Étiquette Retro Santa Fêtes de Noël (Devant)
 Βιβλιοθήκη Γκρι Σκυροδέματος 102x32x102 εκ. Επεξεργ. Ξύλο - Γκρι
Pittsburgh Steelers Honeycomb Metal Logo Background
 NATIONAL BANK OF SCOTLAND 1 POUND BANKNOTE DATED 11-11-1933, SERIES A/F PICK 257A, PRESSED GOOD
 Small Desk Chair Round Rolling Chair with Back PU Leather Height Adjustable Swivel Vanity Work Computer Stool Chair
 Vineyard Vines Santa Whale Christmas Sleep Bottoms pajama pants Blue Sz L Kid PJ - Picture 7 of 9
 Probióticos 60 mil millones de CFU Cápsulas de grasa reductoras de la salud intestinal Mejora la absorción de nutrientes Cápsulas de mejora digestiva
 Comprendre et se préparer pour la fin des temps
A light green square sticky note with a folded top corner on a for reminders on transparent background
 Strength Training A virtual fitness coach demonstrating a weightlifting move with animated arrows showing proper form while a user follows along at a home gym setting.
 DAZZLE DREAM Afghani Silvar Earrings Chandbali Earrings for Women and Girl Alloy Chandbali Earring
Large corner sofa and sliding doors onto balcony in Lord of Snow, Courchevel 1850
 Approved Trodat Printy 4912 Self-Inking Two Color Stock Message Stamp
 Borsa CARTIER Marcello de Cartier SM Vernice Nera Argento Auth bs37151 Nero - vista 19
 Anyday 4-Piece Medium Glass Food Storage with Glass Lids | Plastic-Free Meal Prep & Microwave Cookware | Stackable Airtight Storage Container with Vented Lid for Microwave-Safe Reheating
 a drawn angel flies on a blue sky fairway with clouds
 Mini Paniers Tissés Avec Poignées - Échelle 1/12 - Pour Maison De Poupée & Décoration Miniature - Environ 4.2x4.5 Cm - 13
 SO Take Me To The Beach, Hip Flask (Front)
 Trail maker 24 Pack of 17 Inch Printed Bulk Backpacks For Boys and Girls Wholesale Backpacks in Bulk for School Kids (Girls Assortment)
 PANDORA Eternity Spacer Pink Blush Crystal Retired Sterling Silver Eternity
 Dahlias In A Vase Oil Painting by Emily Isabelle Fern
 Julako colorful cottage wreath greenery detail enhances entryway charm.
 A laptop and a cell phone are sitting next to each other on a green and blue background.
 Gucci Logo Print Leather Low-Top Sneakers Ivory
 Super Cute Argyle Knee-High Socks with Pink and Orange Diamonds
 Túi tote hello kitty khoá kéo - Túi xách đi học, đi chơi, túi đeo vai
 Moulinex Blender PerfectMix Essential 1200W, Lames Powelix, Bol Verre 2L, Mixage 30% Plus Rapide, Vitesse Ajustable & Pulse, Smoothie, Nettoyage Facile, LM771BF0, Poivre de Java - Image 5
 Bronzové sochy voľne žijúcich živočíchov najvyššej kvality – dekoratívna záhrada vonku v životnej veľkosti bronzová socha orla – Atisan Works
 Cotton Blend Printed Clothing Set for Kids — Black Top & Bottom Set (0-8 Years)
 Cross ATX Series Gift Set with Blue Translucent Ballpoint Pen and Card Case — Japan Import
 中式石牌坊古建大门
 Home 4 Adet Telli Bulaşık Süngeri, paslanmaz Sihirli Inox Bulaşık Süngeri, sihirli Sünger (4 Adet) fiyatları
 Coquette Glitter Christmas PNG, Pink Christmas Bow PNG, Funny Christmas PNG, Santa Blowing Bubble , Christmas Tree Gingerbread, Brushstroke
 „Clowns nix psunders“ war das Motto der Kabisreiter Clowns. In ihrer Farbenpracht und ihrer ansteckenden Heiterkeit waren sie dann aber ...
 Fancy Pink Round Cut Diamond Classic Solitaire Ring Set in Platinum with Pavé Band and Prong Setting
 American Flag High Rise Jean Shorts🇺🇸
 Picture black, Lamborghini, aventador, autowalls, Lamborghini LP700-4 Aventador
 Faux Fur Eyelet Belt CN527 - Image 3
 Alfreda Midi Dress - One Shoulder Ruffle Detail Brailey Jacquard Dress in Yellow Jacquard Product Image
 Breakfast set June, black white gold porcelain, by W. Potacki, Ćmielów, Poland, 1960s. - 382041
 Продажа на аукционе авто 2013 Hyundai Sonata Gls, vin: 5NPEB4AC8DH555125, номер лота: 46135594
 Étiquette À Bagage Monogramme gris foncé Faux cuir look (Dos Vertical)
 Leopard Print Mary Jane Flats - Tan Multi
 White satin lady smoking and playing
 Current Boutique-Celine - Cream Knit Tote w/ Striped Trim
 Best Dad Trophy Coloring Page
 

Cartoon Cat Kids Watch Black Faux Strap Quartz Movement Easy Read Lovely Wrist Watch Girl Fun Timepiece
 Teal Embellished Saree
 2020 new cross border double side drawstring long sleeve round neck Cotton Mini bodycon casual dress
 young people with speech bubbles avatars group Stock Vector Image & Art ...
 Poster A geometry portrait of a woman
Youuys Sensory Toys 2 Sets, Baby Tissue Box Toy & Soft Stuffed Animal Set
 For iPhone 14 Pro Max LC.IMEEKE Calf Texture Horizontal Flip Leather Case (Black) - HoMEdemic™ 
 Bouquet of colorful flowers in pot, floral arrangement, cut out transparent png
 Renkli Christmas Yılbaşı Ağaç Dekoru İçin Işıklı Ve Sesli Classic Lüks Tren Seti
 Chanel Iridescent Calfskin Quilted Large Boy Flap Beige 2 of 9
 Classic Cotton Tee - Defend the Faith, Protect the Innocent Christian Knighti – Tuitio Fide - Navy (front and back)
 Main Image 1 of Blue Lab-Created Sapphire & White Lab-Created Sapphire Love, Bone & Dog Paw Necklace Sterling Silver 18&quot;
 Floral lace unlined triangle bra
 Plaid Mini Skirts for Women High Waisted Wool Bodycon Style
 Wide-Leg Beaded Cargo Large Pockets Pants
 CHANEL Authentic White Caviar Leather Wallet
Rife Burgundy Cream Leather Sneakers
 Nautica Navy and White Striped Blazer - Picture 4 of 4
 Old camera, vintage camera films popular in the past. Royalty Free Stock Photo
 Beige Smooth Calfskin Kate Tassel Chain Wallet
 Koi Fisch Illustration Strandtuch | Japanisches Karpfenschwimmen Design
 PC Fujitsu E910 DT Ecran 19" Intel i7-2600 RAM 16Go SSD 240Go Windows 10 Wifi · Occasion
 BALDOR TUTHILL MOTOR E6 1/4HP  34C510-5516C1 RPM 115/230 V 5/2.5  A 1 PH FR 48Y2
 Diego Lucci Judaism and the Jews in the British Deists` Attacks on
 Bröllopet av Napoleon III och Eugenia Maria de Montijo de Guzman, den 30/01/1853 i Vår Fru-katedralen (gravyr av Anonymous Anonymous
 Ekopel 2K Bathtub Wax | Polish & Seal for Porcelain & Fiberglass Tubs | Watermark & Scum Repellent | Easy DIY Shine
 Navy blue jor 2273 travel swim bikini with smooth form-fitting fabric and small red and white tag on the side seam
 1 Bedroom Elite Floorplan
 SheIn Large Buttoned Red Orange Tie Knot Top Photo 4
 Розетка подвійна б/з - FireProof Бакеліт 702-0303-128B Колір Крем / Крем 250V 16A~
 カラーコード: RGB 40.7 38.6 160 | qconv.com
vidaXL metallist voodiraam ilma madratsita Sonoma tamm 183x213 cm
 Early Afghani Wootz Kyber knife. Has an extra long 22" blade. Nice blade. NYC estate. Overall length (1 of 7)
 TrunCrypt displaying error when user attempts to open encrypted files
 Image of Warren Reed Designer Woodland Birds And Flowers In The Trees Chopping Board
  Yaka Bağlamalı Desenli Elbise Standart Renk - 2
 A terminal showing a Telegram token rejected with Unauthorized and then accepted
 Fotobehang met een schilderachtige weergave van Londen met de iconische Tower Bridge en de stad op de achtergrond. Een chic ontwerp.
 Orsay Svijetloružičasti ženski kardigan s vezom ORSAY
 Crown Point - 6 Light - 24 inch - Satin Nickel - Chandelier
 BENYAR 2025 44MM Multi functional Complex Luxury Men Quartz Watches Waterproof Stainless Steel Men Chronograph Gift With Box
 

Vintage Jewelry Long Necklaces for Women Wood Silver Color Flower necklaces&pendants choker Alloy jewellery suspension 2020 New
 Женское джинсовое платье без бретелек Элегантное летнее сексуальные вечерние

* TASK OBJECTIVE
Using the records above, count every line that includes the word "Stock", and state the number only.

* RESPONSE TO THE EXERCISE
3